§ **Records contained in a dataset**
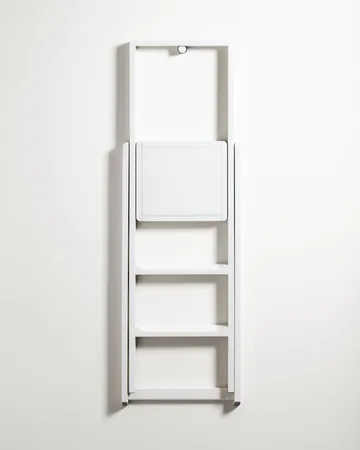 Step Gardintrapp - Hvitbeiset - Design House Stockholm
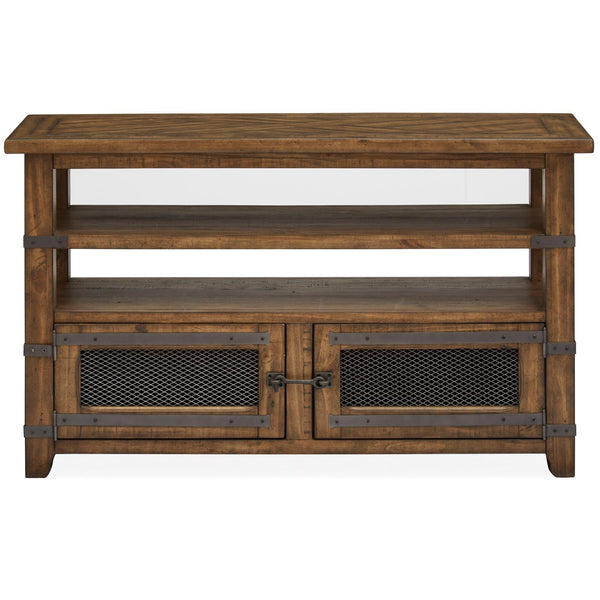 Magnussen Chesterfield Sofa Table T4717-73 IMAGE 1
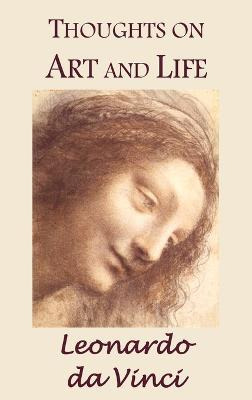 Libro Thoughts On Art And Life - Leonardo Da Vinci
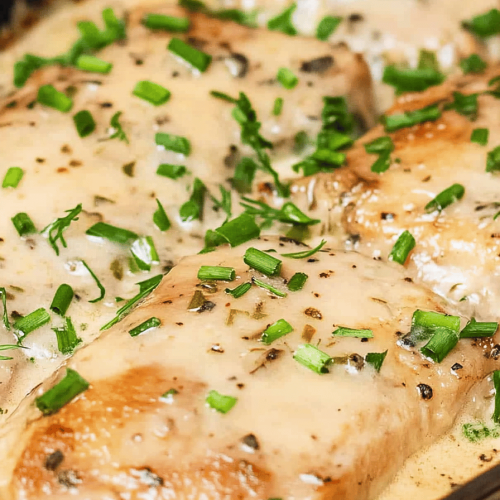 Ranch Pork Chops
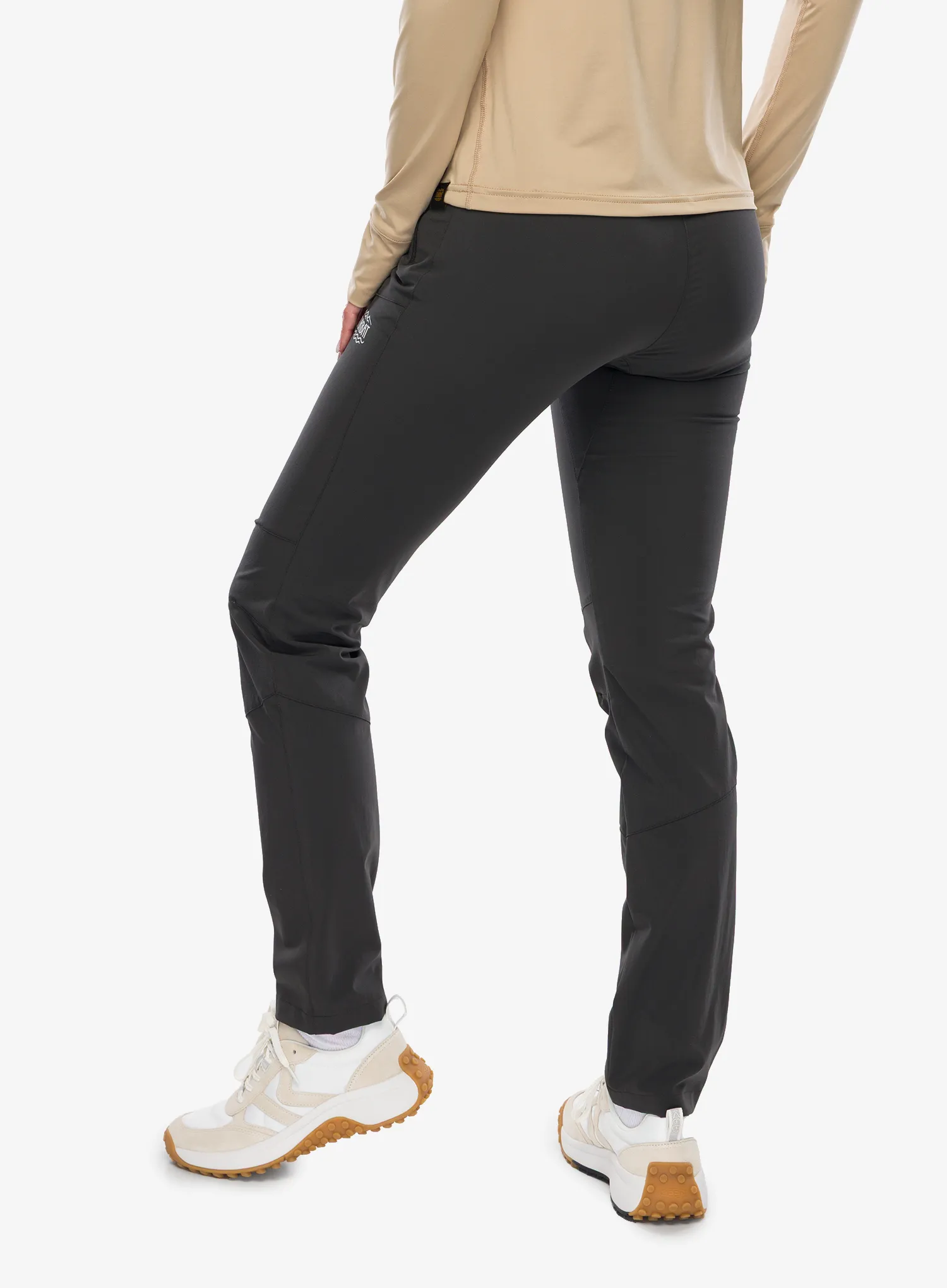 Штани жіночі Turbat Prut Trek Pants - raven black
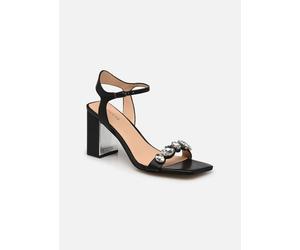 Sandales et nu-pieds Guess MALINY pour Femme 36 Noir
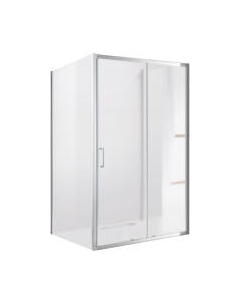 Душевой уголок Cezares MOLVENO-AH-12-140/80-C-Cr-IV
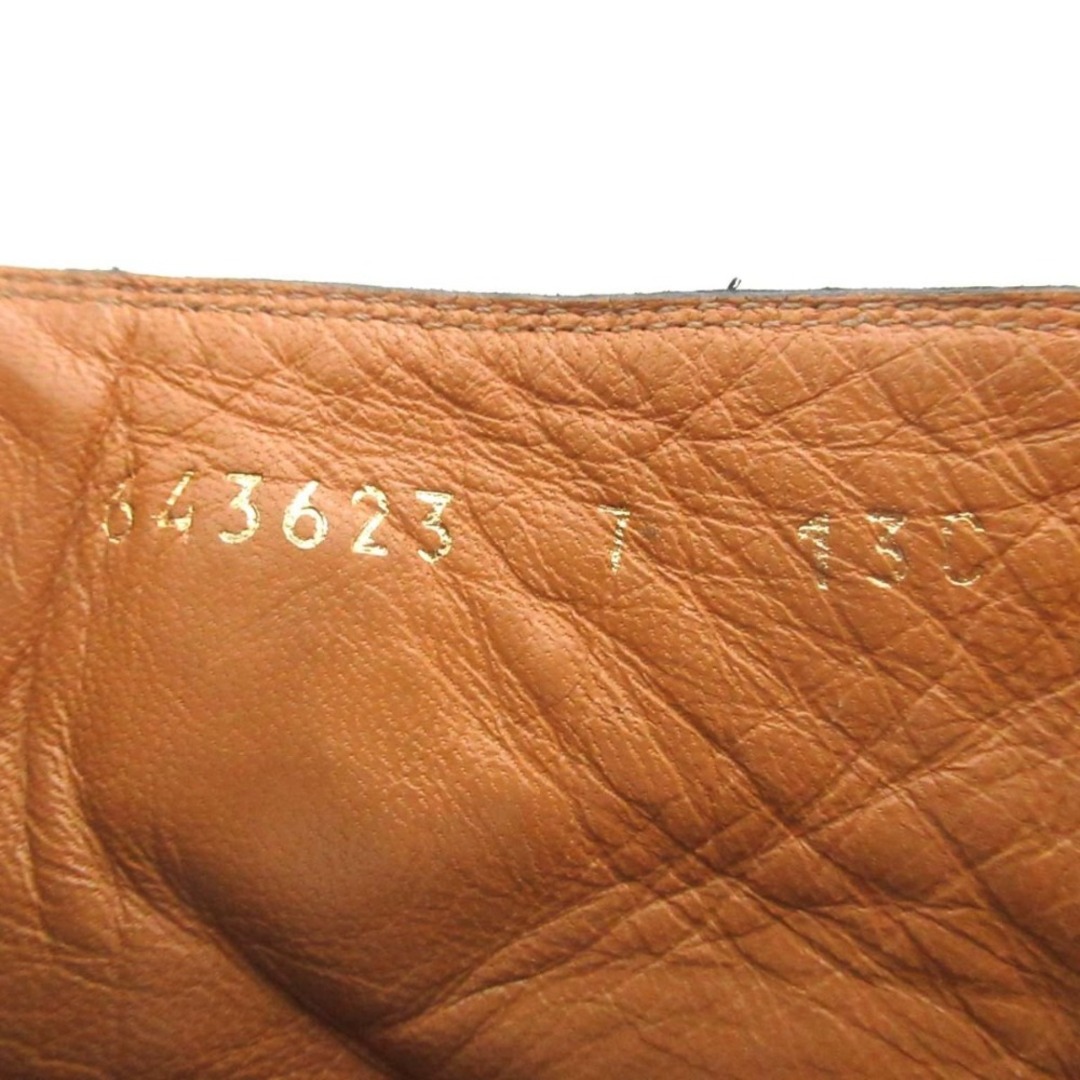 GUCCI - 美品 GUCCI グッチ レザー ベルトバックル アンクル GUCCI - 美品 GUCCI グッチ レザー ベルトバックル アンクル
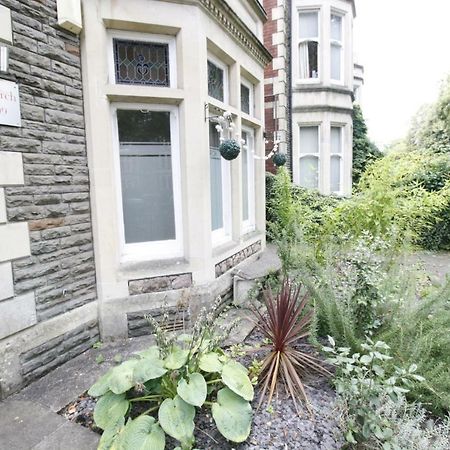 Church Guesthouse Cardiff Ngoại thất bức ảnh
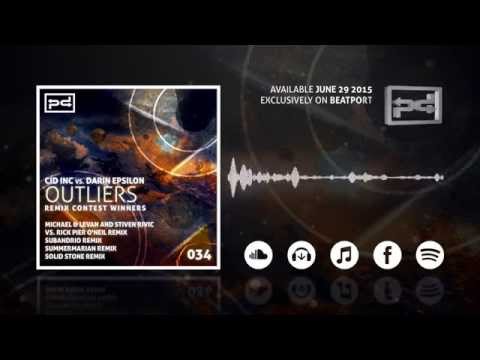Cid Inc vs. Darin Epsilon - Outliers (Beatport Remix Contest Winners)  [Perspectives Digital]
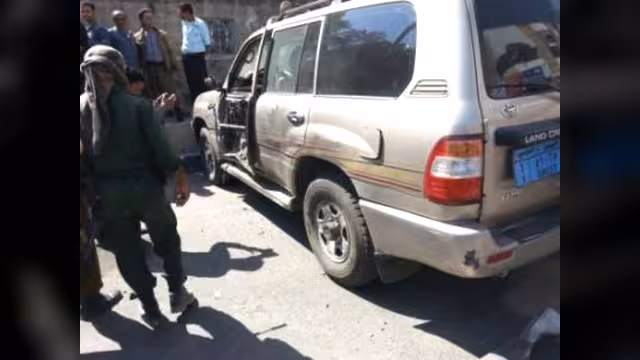 مدير شرطة تعز: ضبط عدد من المشتبهين في جريمة اغتيال صادق منصور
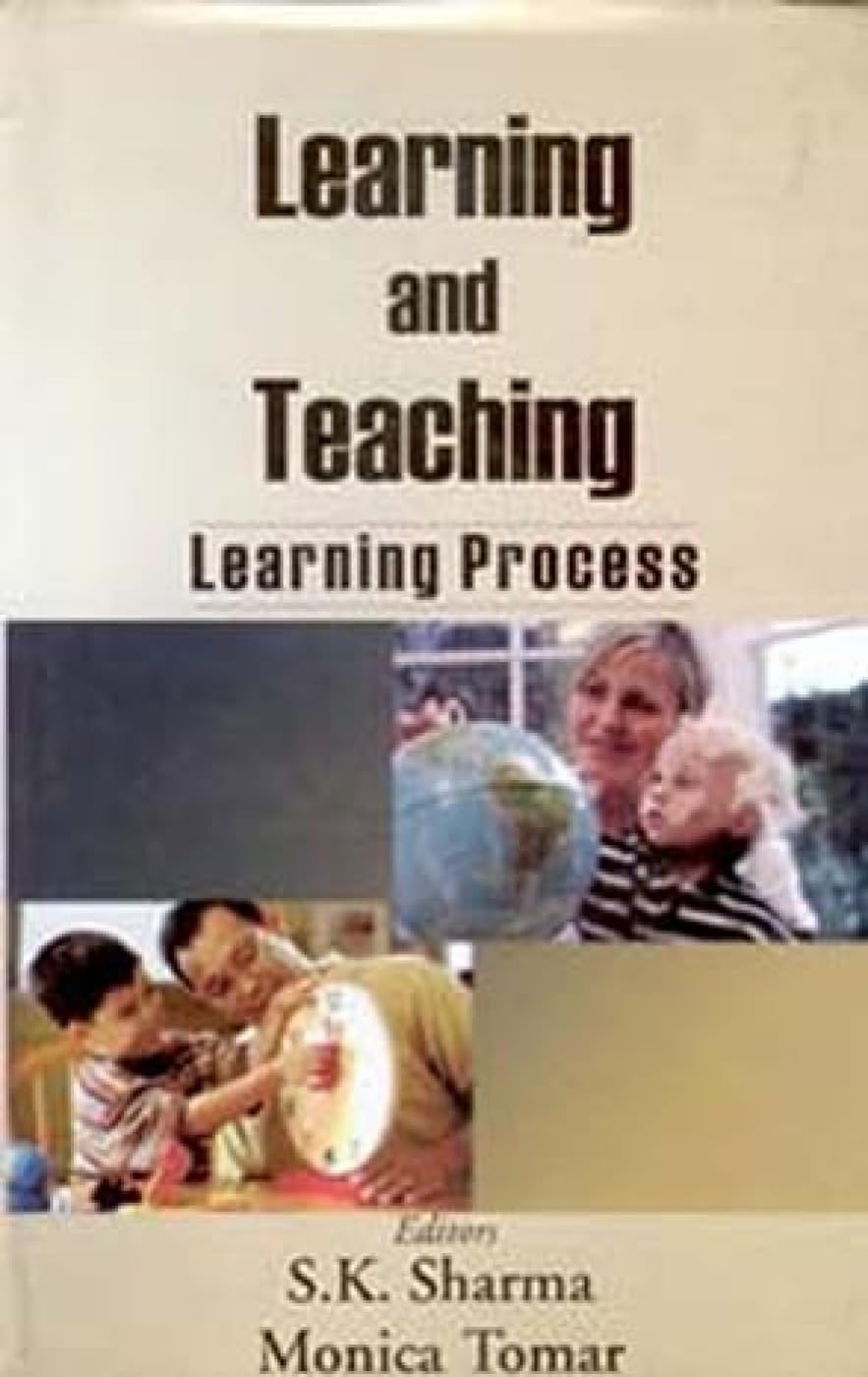 Learning and Teaching: Learning Process - Hardcover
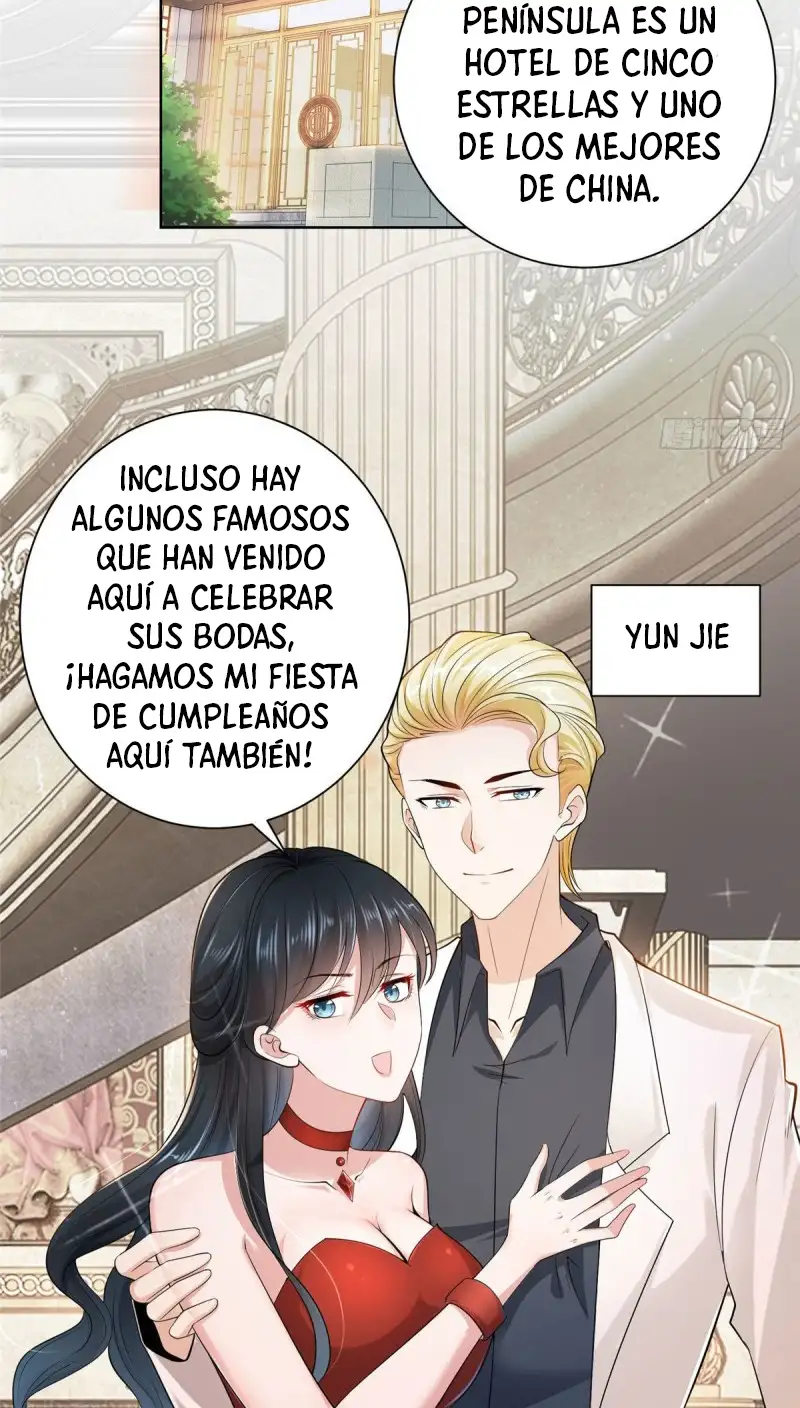Tengo una carrera al azar cada semana - Capítulo 2 - Página 4 - LectorTMOo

§ **What to do**
Output every line of the records exactly, excluding all pictures.

§ **Exercise answer**
 Step Gardintrapp - Hvitbeiset - Design House Stockholm
 Magnussen Chesterfield Sofa Table T4717-73 IMAGE 1
 Libro Thoughts On Art And Life - Leonardo Da Vinci
 Ranch Pork Chops
 Штани жіночі Turbat Prut Trek Pants - raven black
 Sandales et nu-pieds Guess MALINY pour Femme 36 Noir
 Душевой уголок Cezares MOLVENO-AH-12-140/80-C-Cr-IV
 GUCCI - 美品 GUCCI グッチ レザー ベルトバックル アンクル GUCCI - 美品 GUCCI グッチ レザー ベルトバックル アンクル
 Church Guesthouse Cardiff Ngoại thất bức ảnh
Cid Inc vs. Darin Epsilon - Outliers (Beatport Remix Contest Winners)  [Perspectives Digital]
 مدير شرطة تعز: ضبط عدد من المشتبهين في جريمة اغتيال صادق منصور
 Learning and Teaching: Learning Process - Hardcover
Tengo una carrera al azar cada semana - Capítulo 2 - Página 4 - LectorTMOo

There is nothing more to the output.